Web page caption snippets:
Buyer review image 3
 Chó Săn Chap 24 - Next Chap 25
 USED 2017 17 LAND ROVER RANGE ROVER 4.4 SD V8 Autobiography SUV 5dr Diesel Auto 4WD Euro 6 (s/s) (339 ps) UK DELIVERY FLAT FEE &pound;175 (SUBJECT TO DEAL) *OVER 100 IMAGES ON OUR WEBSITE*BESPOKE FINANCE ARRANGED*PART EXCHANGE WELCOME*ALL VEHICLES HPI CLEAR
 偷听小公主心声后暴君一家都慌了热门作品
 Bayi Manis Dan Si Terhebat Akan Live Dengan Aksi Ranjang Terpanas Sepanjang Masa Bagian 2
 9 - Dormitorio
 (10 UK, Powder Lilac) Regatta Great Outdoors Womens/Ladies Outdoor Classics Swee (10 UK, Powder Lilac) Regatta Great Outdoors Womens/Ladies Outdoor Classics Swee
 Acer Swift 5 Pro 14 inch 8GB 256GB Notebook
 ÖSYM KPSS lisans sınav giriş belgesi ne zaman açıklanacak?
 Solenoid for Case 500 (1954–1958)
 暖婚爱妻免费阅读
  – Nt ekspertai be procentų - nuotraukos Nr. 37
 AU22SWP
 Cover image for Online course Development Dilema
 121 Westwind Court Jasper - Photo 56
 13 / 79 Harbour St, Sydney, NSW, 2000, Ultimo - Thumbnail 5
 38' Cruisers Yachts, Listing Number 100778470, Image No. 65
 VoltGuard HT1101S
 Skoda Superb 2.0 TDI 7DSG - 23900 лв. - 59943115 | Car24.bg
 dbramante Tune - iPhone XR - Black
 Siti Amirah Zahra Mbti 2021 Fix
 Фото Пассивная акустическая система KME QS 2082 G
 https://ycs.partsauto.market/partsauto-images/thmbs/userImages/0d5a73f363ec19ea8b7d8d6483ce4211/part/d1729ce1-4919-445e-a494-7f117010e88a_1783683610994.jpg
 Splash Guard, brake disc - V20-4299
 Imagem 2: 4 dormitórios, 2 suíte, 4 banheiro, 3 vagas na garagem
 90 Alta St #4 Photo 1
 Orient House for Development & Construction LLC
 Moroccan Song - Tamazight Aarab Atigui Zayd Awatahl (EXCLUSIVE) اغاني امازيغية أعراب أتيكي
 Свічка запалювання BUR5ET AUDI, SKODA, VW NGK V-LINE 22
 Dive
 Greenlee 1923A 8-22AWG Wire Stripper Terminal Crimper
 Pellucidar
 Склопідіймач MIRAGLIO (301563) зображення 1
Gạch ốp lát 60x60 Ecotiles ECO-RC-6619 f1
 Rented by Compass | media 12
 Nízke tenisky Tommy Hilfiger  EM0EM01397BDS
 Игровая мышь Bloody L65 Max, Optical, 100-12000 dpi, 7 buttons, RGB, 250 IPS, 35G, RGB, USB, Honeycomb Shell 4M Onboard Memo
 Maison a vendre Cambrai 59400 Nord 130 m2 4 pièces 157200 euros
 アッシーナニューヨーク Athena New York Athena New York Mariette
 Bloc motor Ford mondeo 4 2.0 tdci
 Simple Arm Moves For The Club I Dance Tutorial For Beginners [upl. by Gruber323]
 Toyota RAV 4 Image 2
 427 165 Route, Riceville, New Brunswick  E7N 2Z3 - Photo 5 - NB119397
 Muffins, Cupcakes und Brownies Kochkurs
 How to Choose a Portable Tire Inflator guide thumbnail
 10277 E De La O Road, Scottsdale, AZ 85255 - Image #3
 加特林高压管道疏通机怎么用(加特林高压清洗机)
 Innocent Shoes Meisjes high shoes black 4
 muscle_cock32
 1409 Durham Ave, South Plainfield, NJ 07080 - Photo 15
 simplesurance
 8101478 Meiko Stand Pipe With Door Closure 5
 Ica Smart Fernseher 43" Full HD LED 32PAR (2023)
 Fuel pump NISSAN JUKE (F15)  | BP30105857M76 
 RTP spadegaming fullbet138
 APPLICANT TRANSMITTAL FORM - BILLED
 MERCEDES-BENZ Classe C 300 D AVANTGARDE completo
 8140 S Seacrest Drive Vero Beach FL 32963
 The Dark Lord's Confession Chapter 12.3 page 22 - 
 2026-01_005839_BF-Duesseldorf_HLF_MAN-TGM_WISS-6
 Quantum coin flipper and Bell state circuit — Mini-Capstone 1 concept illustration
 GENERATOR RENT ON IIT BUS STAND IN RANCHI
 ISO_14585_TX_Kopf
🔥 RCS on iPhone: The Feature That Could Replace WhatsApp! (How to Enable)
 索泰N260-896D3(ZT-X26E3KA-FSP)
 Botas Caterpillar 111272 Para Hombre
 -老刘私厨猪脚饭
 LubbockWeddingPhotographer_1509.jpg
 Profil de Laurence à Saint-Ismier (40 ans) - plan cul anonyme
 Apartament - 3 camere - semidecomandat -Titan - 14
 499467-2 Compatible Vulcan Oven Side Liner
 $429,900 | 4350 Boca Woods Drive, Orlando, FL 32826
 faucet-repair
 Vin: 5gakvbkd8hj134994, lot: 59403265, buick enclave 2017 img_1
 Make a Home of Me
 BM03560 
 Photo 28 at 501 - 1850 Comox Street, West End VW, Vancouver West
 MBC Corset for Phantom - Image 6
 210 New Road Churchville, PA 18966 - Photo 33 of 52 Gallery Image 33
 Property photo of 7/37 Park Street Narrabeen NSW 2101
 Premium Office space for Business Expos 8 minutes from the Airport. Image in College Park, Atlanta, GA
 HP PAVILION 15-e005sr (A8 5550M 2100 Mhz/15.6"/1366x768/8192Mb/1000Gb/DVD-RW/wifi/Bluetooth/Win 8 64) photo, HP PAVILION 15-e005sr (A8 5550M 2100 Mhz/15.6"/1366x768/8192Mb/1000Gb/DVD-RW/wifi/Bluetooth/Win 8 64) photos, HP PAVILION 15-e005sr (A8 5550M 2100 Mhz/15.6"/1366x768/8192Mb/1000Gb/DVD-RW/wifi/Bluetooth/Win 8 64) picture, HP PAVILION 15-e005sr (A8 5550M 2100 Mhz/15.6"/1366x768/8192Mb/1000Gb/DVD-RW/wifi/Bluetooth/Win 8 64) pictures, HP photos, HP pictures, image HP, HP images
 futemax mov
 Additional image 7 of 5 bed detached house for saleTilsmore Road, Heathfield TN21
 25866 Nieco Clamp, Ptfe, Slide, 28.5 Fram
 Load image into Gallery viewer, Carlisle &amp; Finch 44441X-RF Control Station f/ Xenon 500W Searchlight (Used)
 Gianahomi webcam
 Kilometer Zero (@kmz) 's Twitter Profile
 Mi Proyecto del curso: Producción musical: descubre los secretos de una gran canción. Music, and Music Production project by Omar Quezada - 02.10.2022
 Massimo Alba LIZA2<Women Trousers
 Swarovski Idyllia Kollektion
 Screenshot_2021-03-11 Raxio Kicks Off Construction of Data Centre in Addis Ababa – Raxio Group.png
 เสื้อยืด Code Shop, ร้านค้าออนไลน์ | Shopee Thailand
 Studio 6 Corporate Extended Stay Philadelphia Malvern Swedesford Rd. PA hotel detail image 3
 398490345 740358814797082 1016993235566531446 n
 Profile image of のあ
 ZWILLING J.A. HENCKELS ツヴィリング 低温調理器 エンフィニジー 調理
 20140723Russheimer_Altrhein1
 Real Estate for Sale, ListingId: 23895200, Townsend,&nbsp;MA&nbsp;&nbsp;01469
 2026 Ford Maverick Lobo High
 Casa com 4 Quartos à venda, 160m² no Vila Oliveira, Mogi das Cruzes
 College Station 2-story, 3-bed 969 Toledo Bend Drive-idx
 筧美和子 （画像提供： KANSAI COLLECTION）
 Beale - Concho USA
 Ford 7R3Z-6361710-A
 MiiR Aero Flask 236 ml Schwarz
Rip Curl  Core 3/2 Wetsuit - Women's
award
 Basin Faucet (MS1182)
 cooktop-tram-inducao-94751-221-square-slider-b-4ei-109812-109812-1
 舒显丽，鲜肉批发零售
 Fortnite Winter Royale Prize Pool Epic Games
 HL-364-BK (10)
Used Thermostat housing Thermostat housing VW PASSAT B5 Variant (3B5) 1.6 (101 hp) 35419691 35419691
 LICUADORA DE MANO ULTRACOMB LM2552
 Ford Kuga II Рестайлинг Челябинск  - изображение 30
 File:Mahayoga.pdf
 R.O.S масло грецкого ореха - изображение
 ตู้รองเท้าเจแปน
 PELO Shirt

* [EXERCISE PROMPT]:
A single figure, please: the number of lines in the data that hold the string "Street".

* [EXPECTED ANSWER]:
2